It was actually very hard for me to reproduce my problems with the public data set. For the longest time, it just would not work. Until I decided to add the start of the UNIX epoch as a world event the other day. I didn’t understand that fully at the time, but somehow realized that my private data set problems also started when I added the birth date of parents. This had already confused me, but I assumed it was somehow a result of the timestamps being negative, and me not handling time travel properly in my own code.

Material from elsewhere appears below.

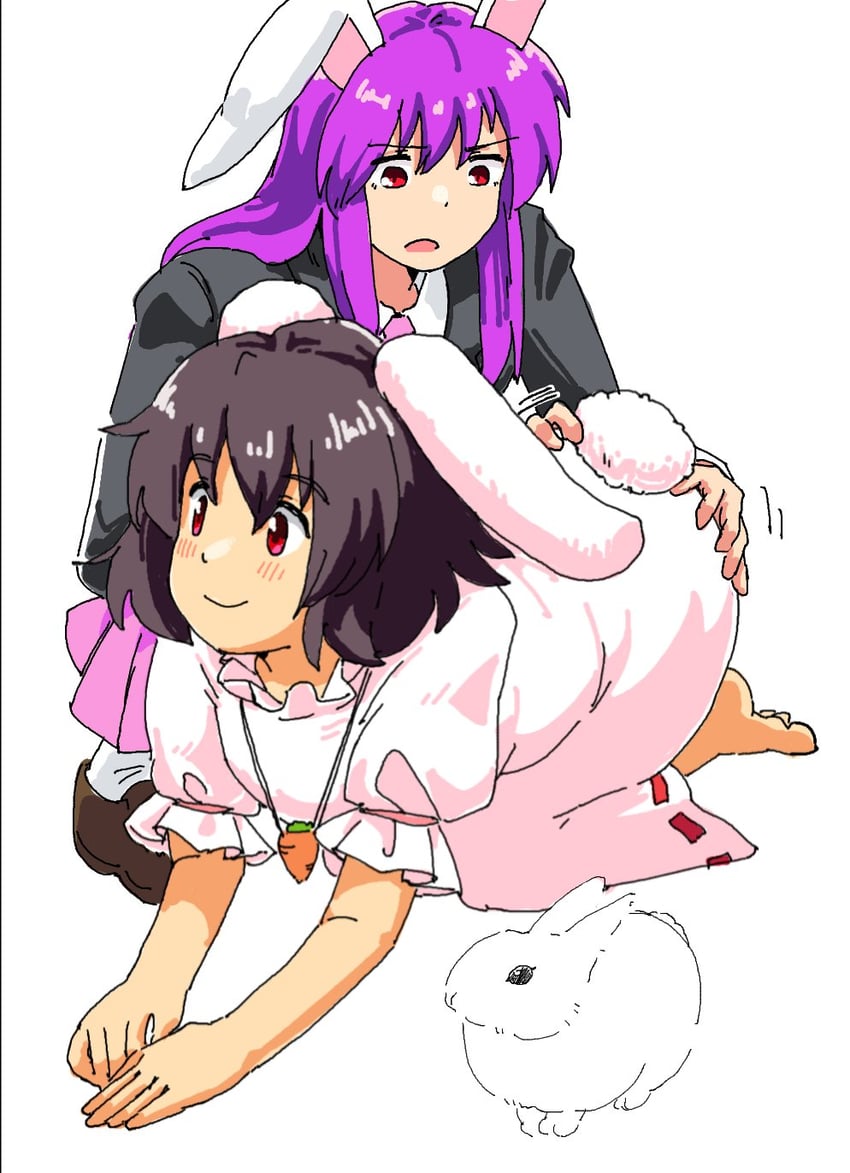 reisen udongein inaba and inaba tewi (touhou) drawn by leftame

I now understand (hopefully) that the answer is simply the minlen forcing thousands of empty ranks at the start of the graph. Which also answers why another one of my performance boosts was the logarithmic scale for event spacing, as that just results in less empty ranks as well.

I hope I can get to remaining suggestion soon, but your help might have already enabled me to pile on more data again :smiley:

@steveroush If I may ask, was the singer “Oliver” a big deal in 69? I came across him the other day while “time traveling”, and looking for who might have inspired my own name. My senses tell me you mentioned that specific year, because you have required information to solve this side quest :smiley:

If you compute the node pos values (remember: in points) and feed the result to neato -n, the run time will be just a few seconds. But note that neato uses a somewhat different algorithm for laying out the splines. Probably OK, but give it a try.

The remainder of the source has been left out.